PyTorch - parameters not changing

In an effort to learn how pytorch works, I am trying to do maximum likelihood estimation of some of the parameters in a multivariate normal distribution. However it does not seem to work for any of the covariance related parameters.

So my question is: why does this code not work?

import torch


def make_covariance_matrix(sigma, rho):
    return torch.tensor([[sigma[0]**2, rho * torch.prod(sigma)],
                         [rho * torch.prod(sigma), sigma[1]**2]])


mu_true = torch.randn(2)
rho_true = torch.rand(1)
sigma_true = torch.exp(torch.rand(2))

cov_true = make_covariance_matrix(sigma_true, rho_true)
dist_true = torch.distributions.MultivariateNormal(mu_true, cov_true)

samples = dist_true.sample((1_000,))

mu = torch.zeros(2, requires_grad=True)
log_sigma = torch.zeros(2, requires_grad=True)
atanh_rho = torch.zeros(1, requires_grad=True)

lbfgs = torch.optim.LBFGS([mu, log_sigma, atanh_rho])


def closure():
    lbfgs.zero_grad()
    sigma = torch.exp(log_sigma)
    rho = torch.tanh(atanh_rho)
    cov = make_covariance_matrix(sigma, rho)
    dist = torch.distributions.MultivariateNormal(mu, cov)
    loss = -torch.mean(dist.log_prob(samples))
    loss.backward()
    return loss


lbfgs.step(closure)

print("mu: {}, mu_hat: {}".format(mu_true, mu))
print("sigma: {}, sigma_hat: {}".format(sigma_true, torch.exp(log_sigma)))
print("rho: {}, rho_hat: {}".format(rho_true, torch.tanh(atanh_rho)))

output:

mu: tensor([0.4168, 0.1580]), mu_hat: tensor([0.4127, 0.1454], requires_grad=True)
sigma: tensor([1.1917, 1.7290]), sigma_hat: tensor([1., 1.], grad_fn=<ExpBackward>)
rho: tensor([0.3589]), rho_hat: tensor([0.], grad_fn=<TanhBackward>)

>>> torch.__version__
'1.0.0.dev20181127'

In other words, why have the estimates of log_sigma and atanh_rho not moved from their initial value?

The way you create your covariance matrix is not backprob-able:

def make_covariance_matrix(sigma, rho):
    return torch.tensor([[sigma[0]**2, rho * torch.prod(sigma)],
                         [rho * torch.prod(sigma), sigma[1]**2]])

When creating a new tensor from (multiple) tensors, only the values of your input tensors will be kept.
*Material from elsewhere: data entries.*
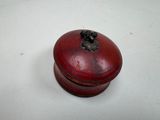 une petite boîte rouge surmontée d'une fleur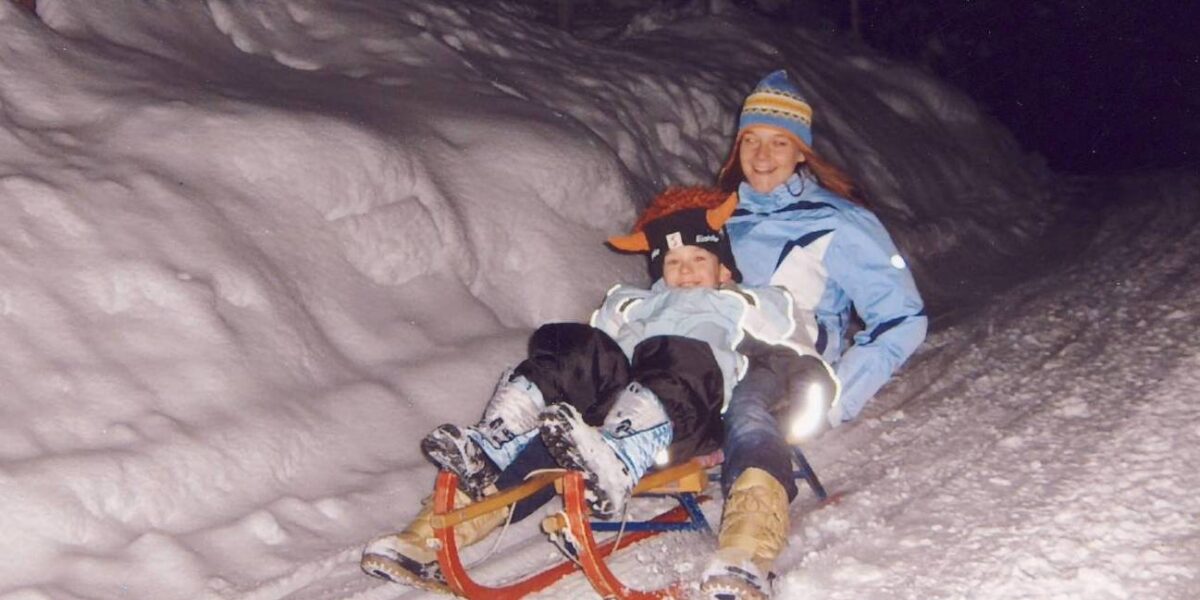 Ein Erwachsener und ein Kind in Winterkleidung schlittern nachts einen verschneiten Weg hinunter.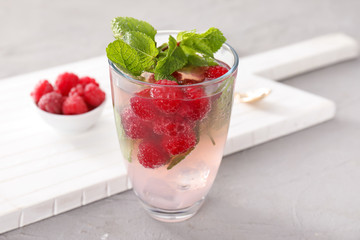 Glass of fresh raspberry mojito on light table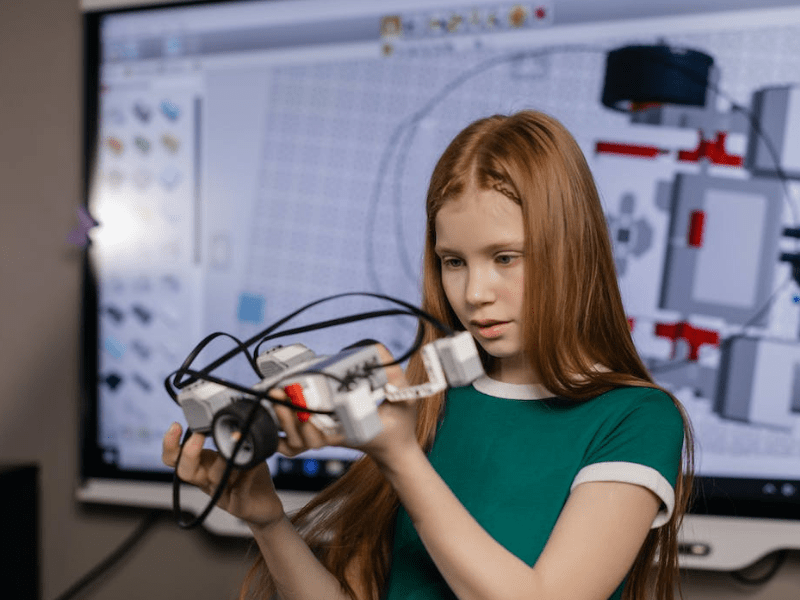 Jeune fille qui construit un objet en lego durant sa colo Construction Block de l'automne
All additional information from the input tensors is stripped away, thus all graph-connection to your parameters is cut from this point, therefore backpropagation cannot get through.

Here is a short example to illustrate this:

import torch

param1 = torch.rand(1, requires_grad=True)
param2 = torch.rand(1, requires_grad=True)
tensor_from_params = torch.tensor([param1, param2])

print('Original parameter 1:')
print(param1, param1.requires_grad)
print('Original parameter 2:')
print(param2, param2.requires_grad)
print('New tensor form params:')
print(tensor_from_params, tensor_from_params.requires_grad)

Output:

Original parameter 1:
tensor([ 0.8913]) True
Original parameter 2:
tensor([ 0.4785]) True
New tensor form params:
tensor([ 0.8913,  0.4785]) False

As you can see the tensor, created from the parameters param1 and param2, does not keep track of the gradients of param1 and param2.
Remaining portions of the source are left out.